Cost Assignment Models ~ An Overview
Remember when it was just you, your garage, and a single fabricating job each week from that one company who saw potential in your work? Costing, for you then, was simply a matter of getting the work done as quickly as possible with the lowest investment in material and no inventory at all. Talk about “just in time” production. Often it was more like “just in in the nick of time” when it came to getting in another work order to keep the electricity on or bread on the table.
My, how things have changed as you’ve grown into a 60,000 square foot job shop with 80 employees, and dozens of work orders coming in each day. What used to be a simple costing formula (i.e., price charged – material cost = profit), involves so many variables it can make your head spin.
Of course, you wouldn’t have gotten to this point without a progressive improvement in the way you assigned costs to jobs. You came to understand that costs include more than just materials; they include your machinery, your floor space, utility needs, additional personnel, benefits for those personnel, and myriad other notions unconsidered back in the garage days.
Depending upon the type of operation you have as a job shop, make-to-order, or make-to-stock manufacturer, cost assignment methods can be broken down into three different approaches: Job Order Costing, Process Costing, and Activity Based Costing. In the most basic of terms, these methods are defined as:
● Job Order Costing: Here, costs are assigned to specific jobs or orders. This method keeps track of costs by, 1) tracing material and direct labor to a particular job; and, 2) applying a predetermined overhead rate to each job to include costs not directly traceable to the production of the job. Job order costing is most common in job shops, specialized production, or services industries.
● Process Costing: Manufacturing cost are allocated to products to determine an average cost per unit. Process Costing is used by companies that mass produce identical or similar products; that is, continuous production. With every unit produced pretty much being the same, each receives an equivalent amount for manufacturing costing.
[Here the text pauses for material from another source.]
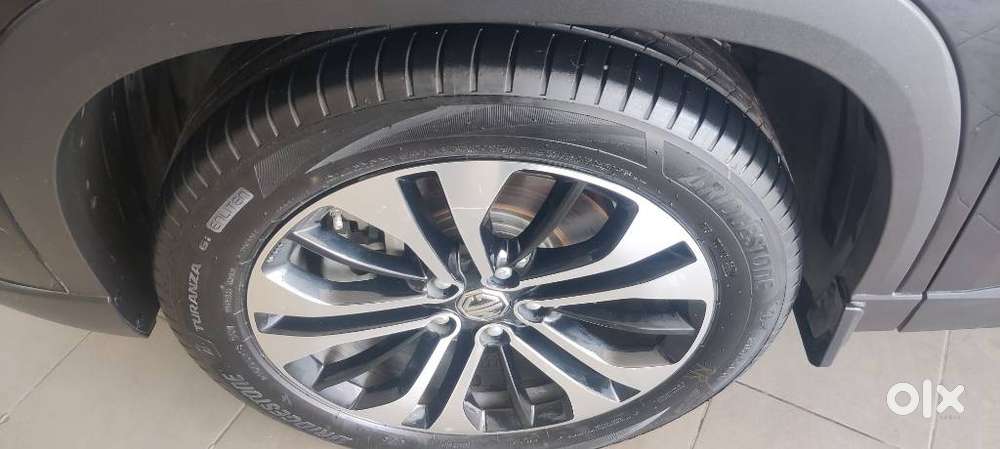Mg Hector 2.0 Sharp Diesel, 2022, Diesel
The more repetitive and continuous the production, the better. Examples of operations that use process costing include thermoform packaging producers, refineries, paper mills, and so on.
● Activity Based Costing: Familiar to many by its acronym, ABC, activity based costing distributes (or pools) the costs of the shared activities (cost drivers) associated with disparate jobs or production lines under the same roof. The big advantage of ABC is that it is able to reduce the distortions in costs that result from the arbitrary assignment of indirect costs in standard job order costing (i.e., overhead).
Ultimately, the type of costing you employ is a function of the sort of manufacturing you do. And, who you are responsible to in your budget reporting—many governmental and financial institutions insist on ABC for their vendors. If you produce thousands upon thousands of the same refrigerator magnets batch after large batch, then process costing is probably best for you.
If your orders are usually of differing engineering and set-ups, then job order costing is the method of choice. On the other hand, when you have a single plant making a variety of products over time but with the same production lines, greater precision is needed to determine what drives the cost through the sharing of labor and other operational aspects for these products—you need to go ABC.